I've read the specification (i.e., the question you were asked), and it
doesn't say "on one line"; it says "a single command line". Since Linux
(or, more precisely, the shell CLI) allows you to chain processes and
use statement separators, you could (theoretically) write a 100kB-long
program "on one line" - so it's not much of a problem.
> grep -o "[[:digit:]]*[.][[:digit:]]*[.][[:digit:]]*[.][[:digit:]]*"

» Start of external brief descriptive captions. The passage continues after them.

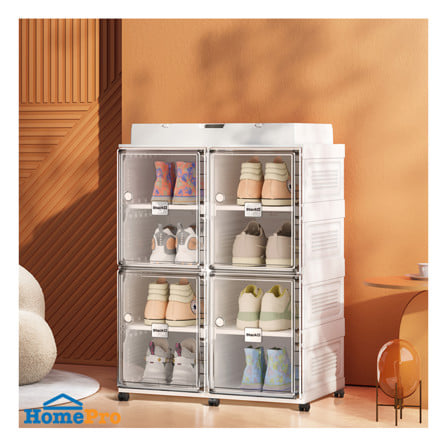 ชั้นวางรองเท้า 8 ช่อง พร้อมระบบเป่าแห้ง อุ่น และกำจัดกลิ่น STACKO CLAIRE 53.5X34X76 ซม. สีขาว_6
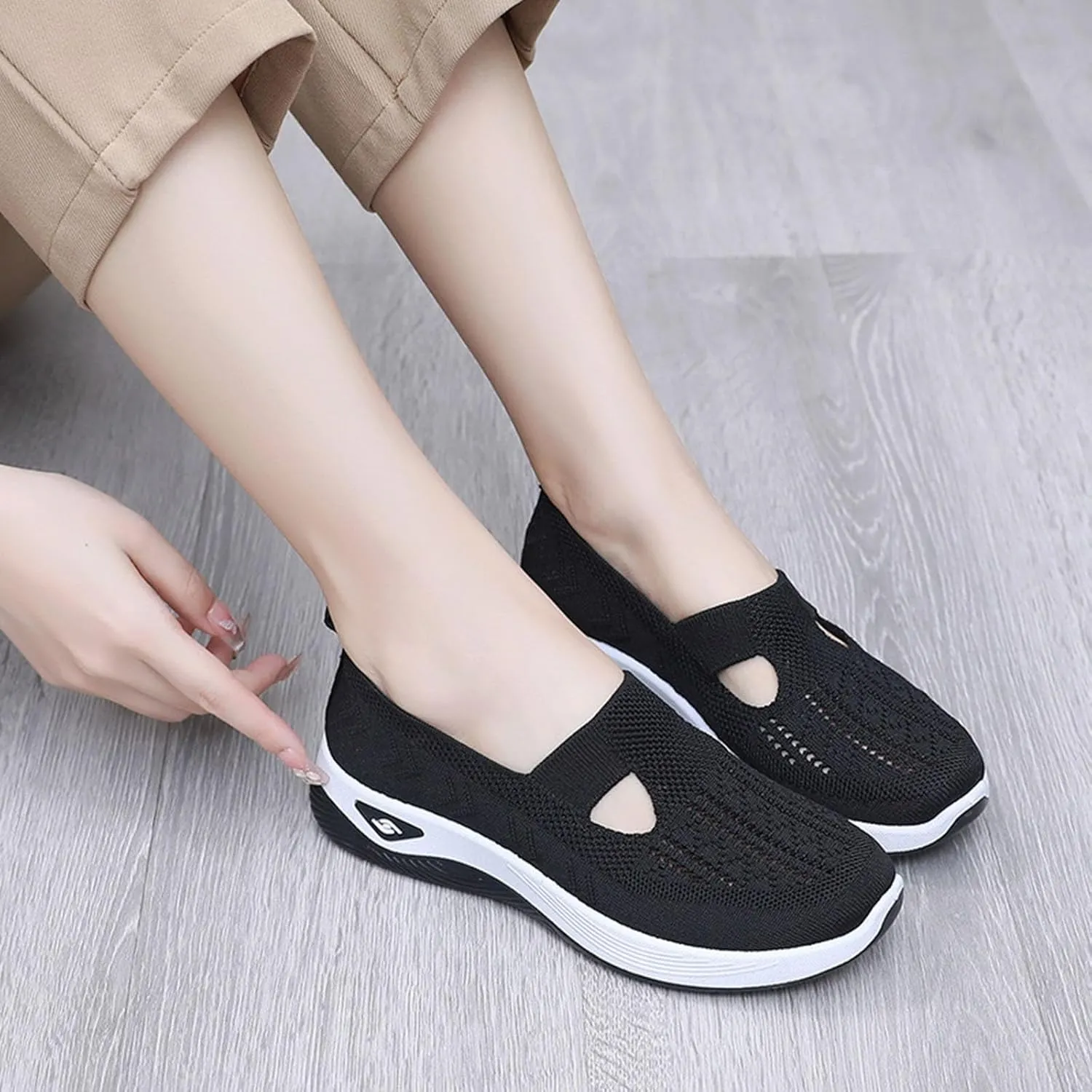 Women's Orthopedic Athletic Walking Shoes Slip On Casual Moderatearch Support Mesh-Comfortable Workout Sneakers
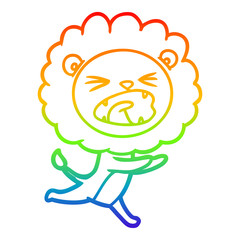 rainbow gradient line drawing cartoon running lion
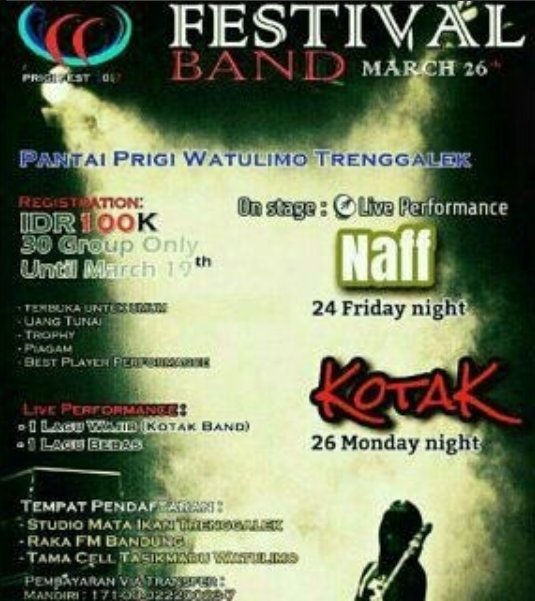 KOTAK di Trenggalek lokasi pantai Prigi Watu limo Trenggalek. Untuk info HTM masih belum jelas. Kabar menyusul.
cc <a href="/kotakband_/">Official KOTAK</a> @davidrianzi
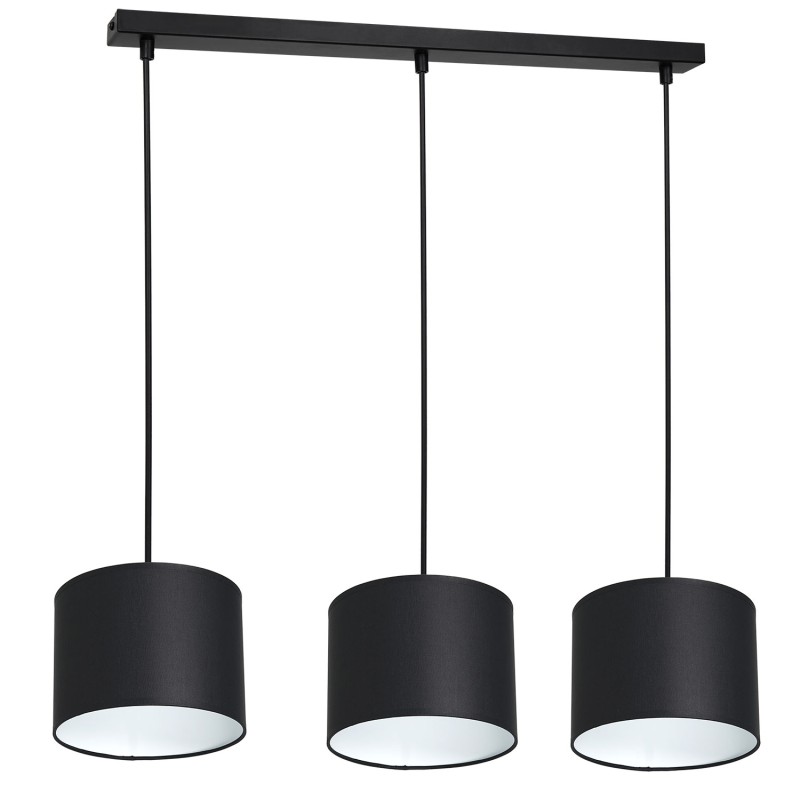 żyrandol  listwa, black, cylinder shade dia 180, h 150 black 3 3474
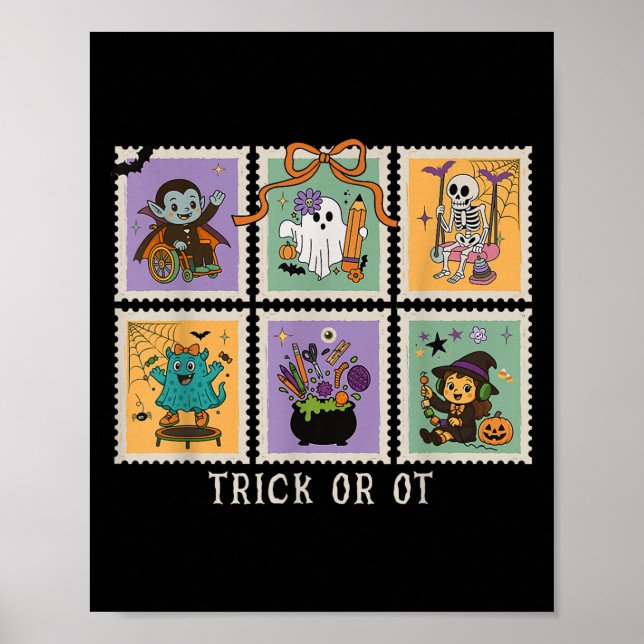 Póster Halloween Occupational Therapy Trick Or Ot Therapi (Frente)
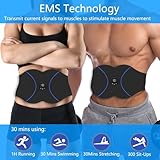 FDA Cleared, ABS Stimulator - EMS Muscle Stimulator, Portable Muscle Training for Abdomen, Abdominal Toning Belt, Fitness Ab Workout Equipment for Women and Men, Black Blue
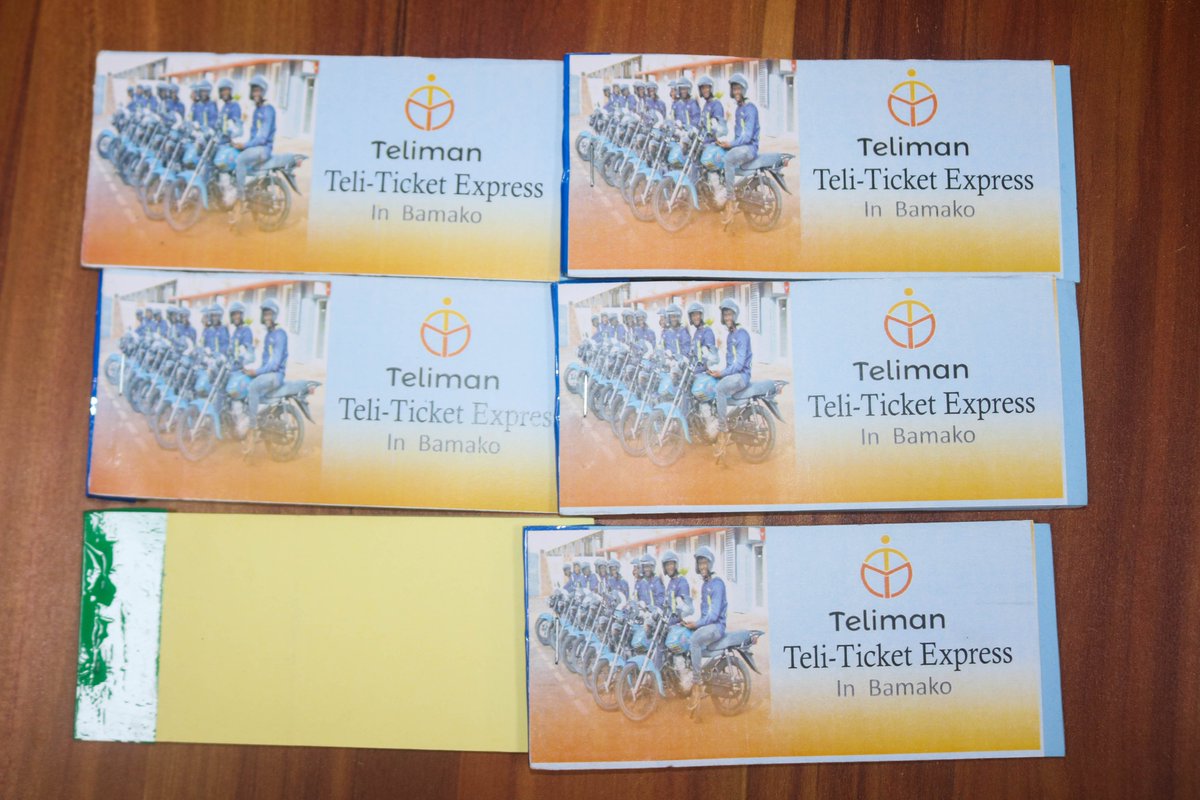 Parce que nous croyons aux solutions innovantes adaptées aux besoins locaux, nos Teli-Tickets sont simples, pratiques et abordables.
Les courses sont à 1250 Fcfa partout dans Bamako !
👉10 tickets 🎫 « In Bamako » = 12 500 Fcfa
👉10 tickets 🎫 « In et Out Bamako »= 17 500 Fcfa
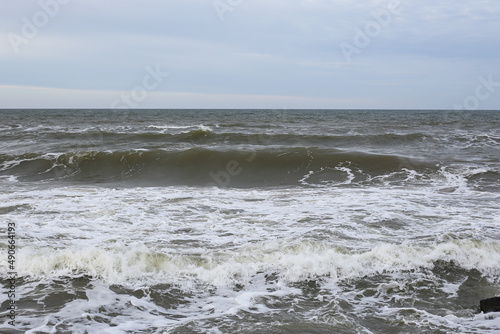 Baltic sea seascape view of shoreline and small waves.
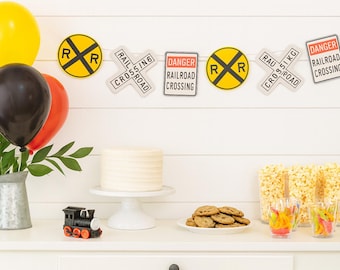 Train Birthday Banner, Railroad Sign Banner, Train Banner, Train Garland, Train Party Banner, Train Party Decorations, Train Party Supplies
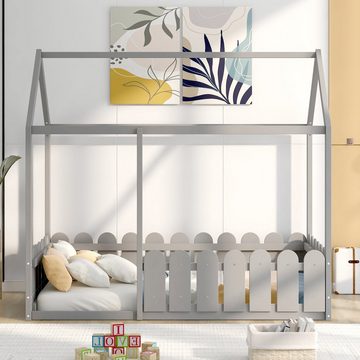 SOFTWEARY Kinderbett Hausbett ohne Lattenrost, Holzbett aus Kiefer (80x160 cm), Einzelbett mit Rausfallschutz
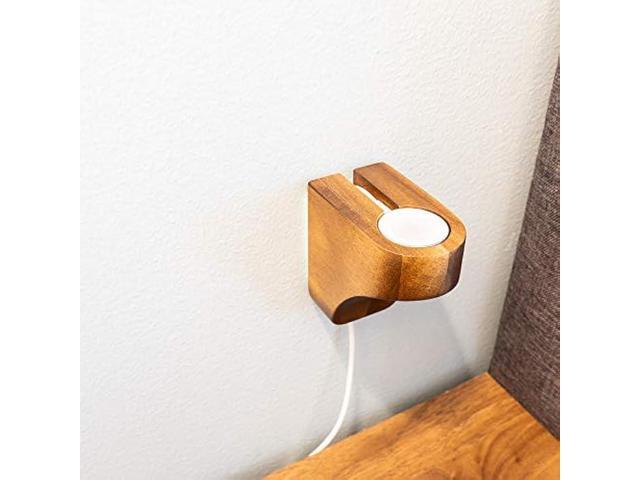 Wall Charging Stand for Apple Watch Series 9 - Wooden Charging Dock - Wood Charging Station for All iWatch - Simply Stick to Wall with Included 3M...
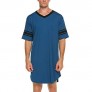 Ekouaer Men's Nightshirt  Cotton Nightwear Comfy Big&Tall V Neck Short Sleeve Soft Loose Pajama Sleep Shirt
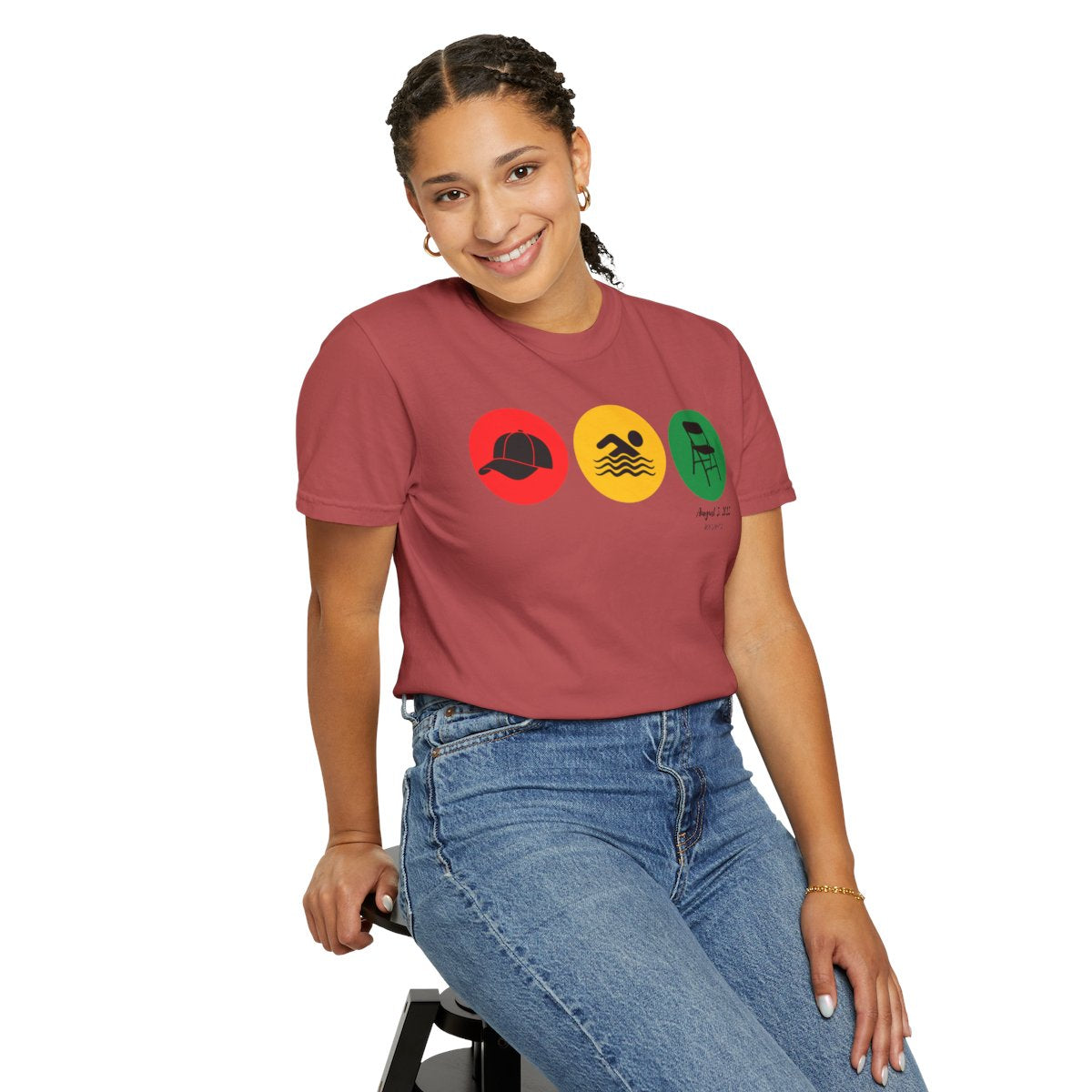 Montgomery Riverfront Icons Shirt | Hat Swimmer Chair Tee | Black Culture Unity Shirt | Comfort Colors® 1717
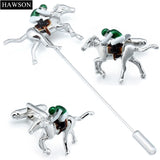 Horse Riding Cufflinks Brave Boyfriend Horseback Cuff Links with Box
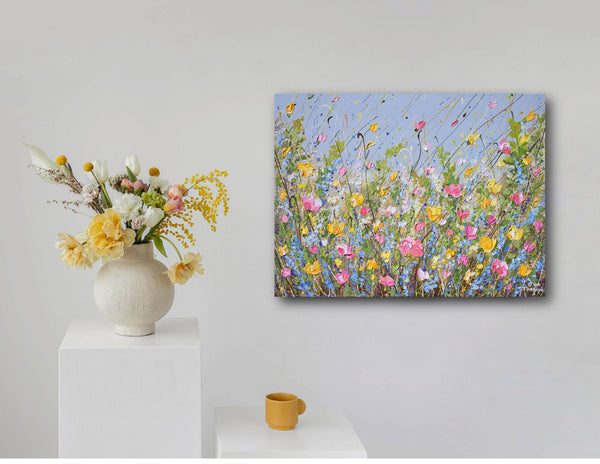 Stillness in Bloom, Acrylics on Canvas,  18"x24"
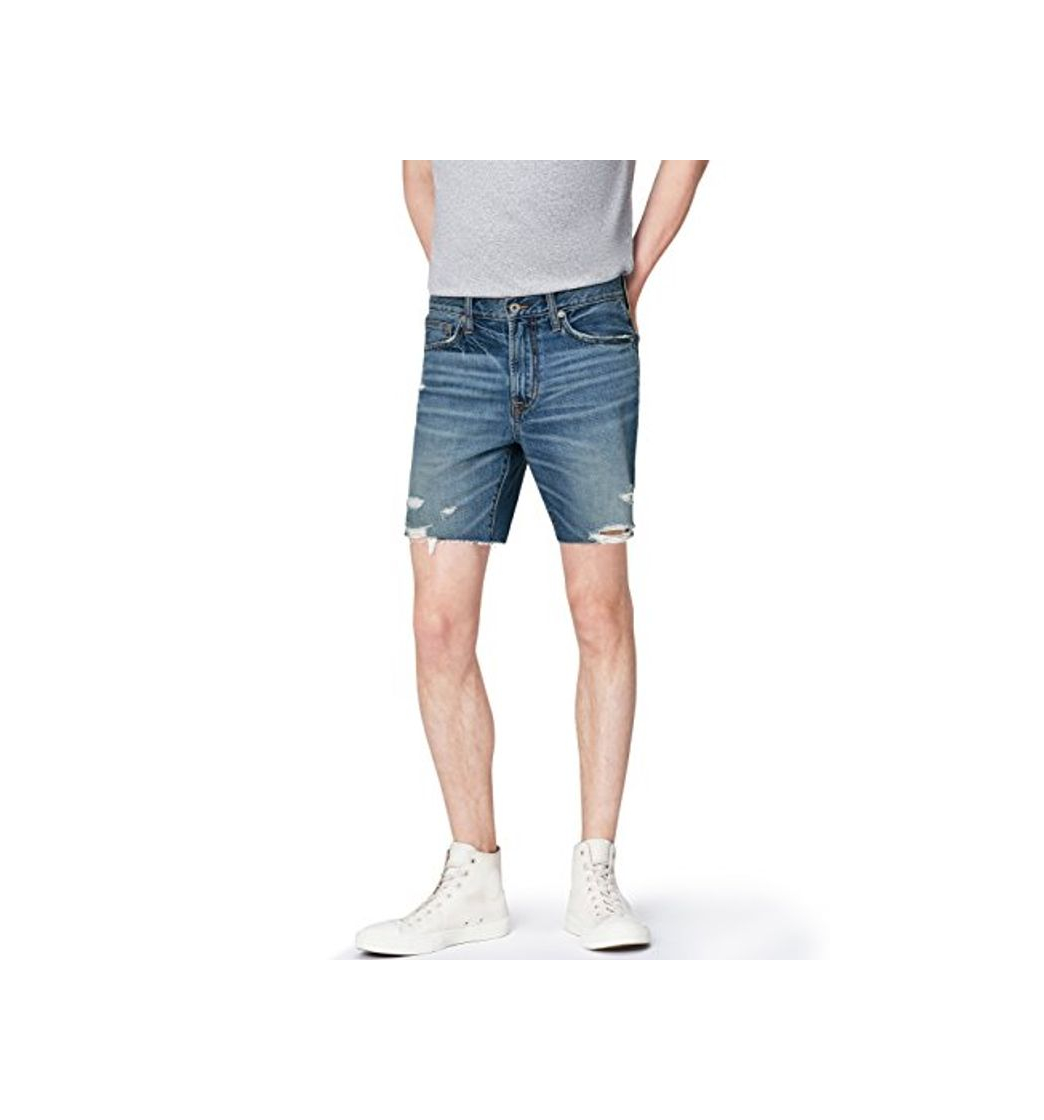 Social Marca Amazon - find. Vaqueros Cortos Estilo Bermuda Hombre, Azul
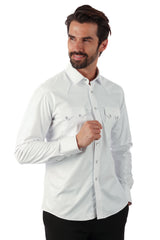Barabas Wholesale Men's Shiny Metallic Stretch Long Sleeve Shirts 3B28 White
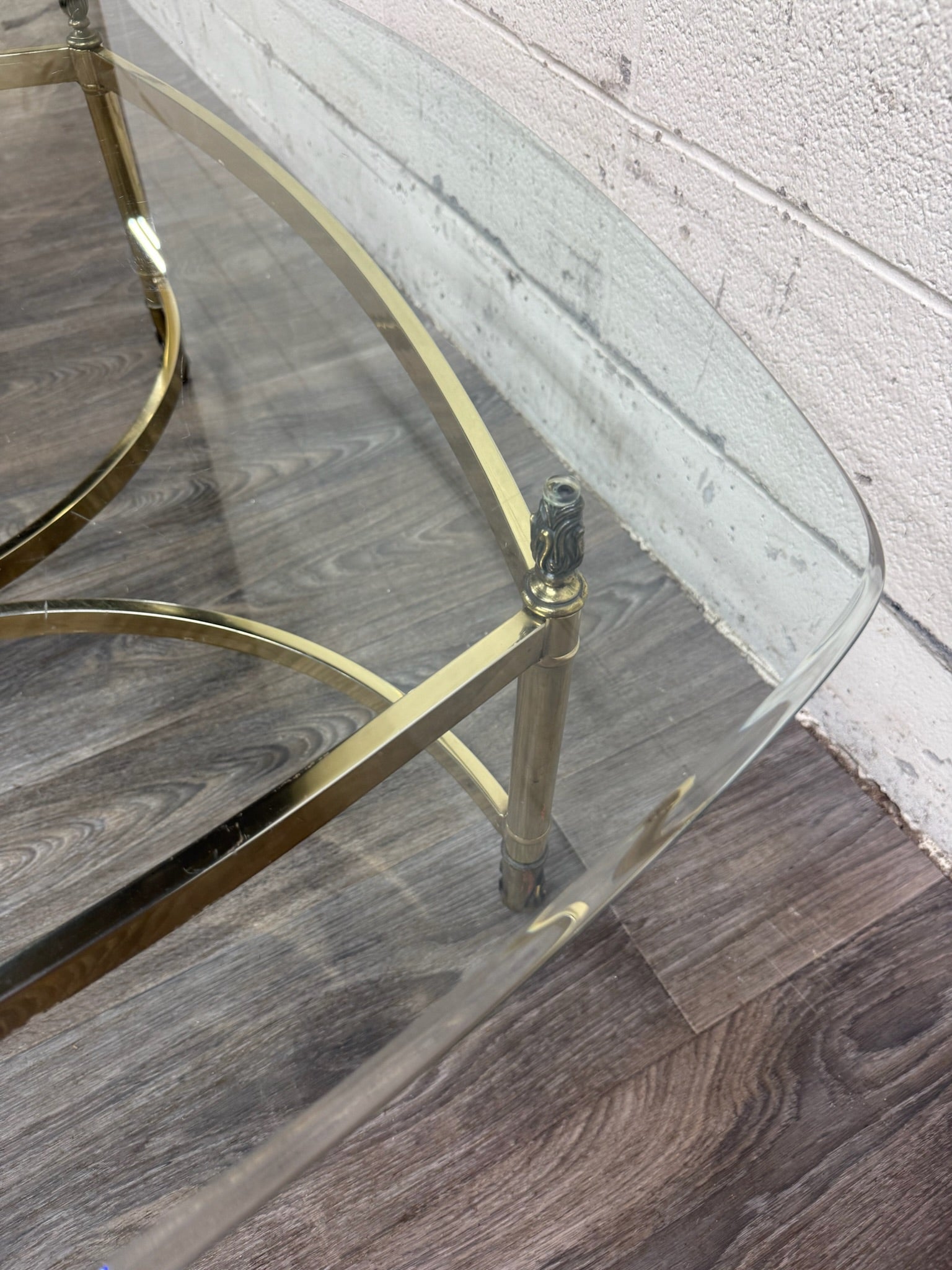 Vintage Hollywood Regency Brass Coffee Table with Beveled Glass Top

> httpdaccess.log > ipaddresses.log
Is there a reason that you want to use character class names instead of
explicit character classes? '[0-9]' works just as well as '[[:digit:]]'
(barring some vague mutterings about the $LANG variable, which doesn't
apply in shell-based scenarios anyway.) As well, the above expression
isn't very useful; if you're trying to match an IP, then something like
``
egrep '\<([0-9]{1,3}\.){3}[0-9]{1,3}\>'
''
Is probably much more useful. On the other hand, matching an IP has
nothing to do with the solution to the stated problem, which, I suppose,
is why I'm giving you a complete answer here. :)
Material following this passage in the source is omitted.